New York Times 100 years ago today, July 13, 1912:
Roosevelt's Attorney General Discourses on Stealing an Electoral College.
Special to The New York Times.
BALTIMORE, July 12.—Former Attorney General Bonaparte has replied tartly to a letter asking him to tell the difference between stealing a convention and stealing an Electoral College. The correspondence follows:
Elkton, Cecil County, Md.
The Hon. Charles J. Bonaparte.
Dear Sir: Would you please tell a plain, green countryman what the difference is between stealing a convention and trying to steal an Electoral College?
And how a gentleman who has posed as a purist in politics can square his conscience with himself in condemning the former and advocating the latter? Tours truly.
CHARLES H. NEUDECKER.
Here is the retort coteous:
Baltimore. Md., July .11.
Charles H. Neudecker, Esq., Elkton, Cecil County. Md.
Sir: Stealing is stealing, whether its subject matter be a convention, an Electoral College, or a purse, and any one, guilty of stealing or of justifying stealing or of trying to confuse the consciences of his neighbors as to the guilt of stealing by sophistry and impertinence is an unworthy citizen and a dishonest man.
I hope a plain, green, countryman is neither too plain nor too "green" to understand the foregoing statement.
A Presidential elector has no right to vote for a man as President whom he believes to have stolen a purse, a nomination, or anything else; nor has he any better right to vote for a man whom he believes to have received anything stolen with knowledge of theft.

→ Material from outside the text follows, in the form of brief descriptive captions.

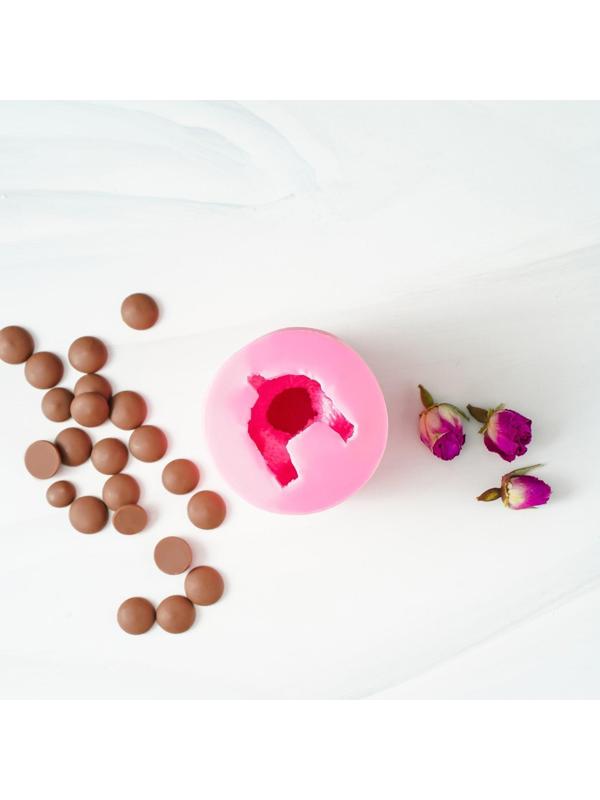 Молд «Мишутка», 6×6 см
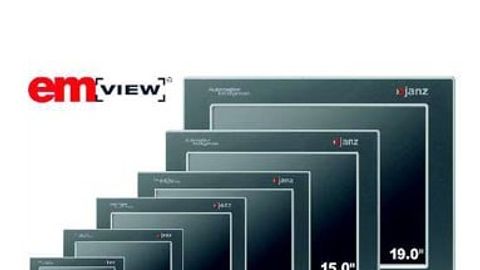 HMIs der Serie emVIEW von Janz HMIs der Serie emVIEW von Janz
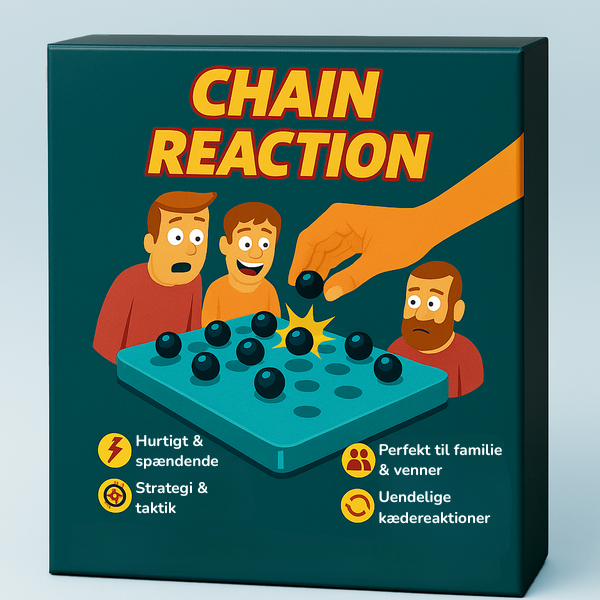 Magnetisk spil – ChainReaction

Had such a man obtained the nomination fraudulently and from a packed convention, containing many more pretended delegates not entitled to sit in it than the majority whereby he was chosen, I should have deemed it my duty as a good citizen to do everything in my power to prevent his election, including retention of my place on the ticket, if that seemed an appropriate means to the last-mentioned end. I remain. Sir, yours respectfully, CHARLES J. BONAPARTE.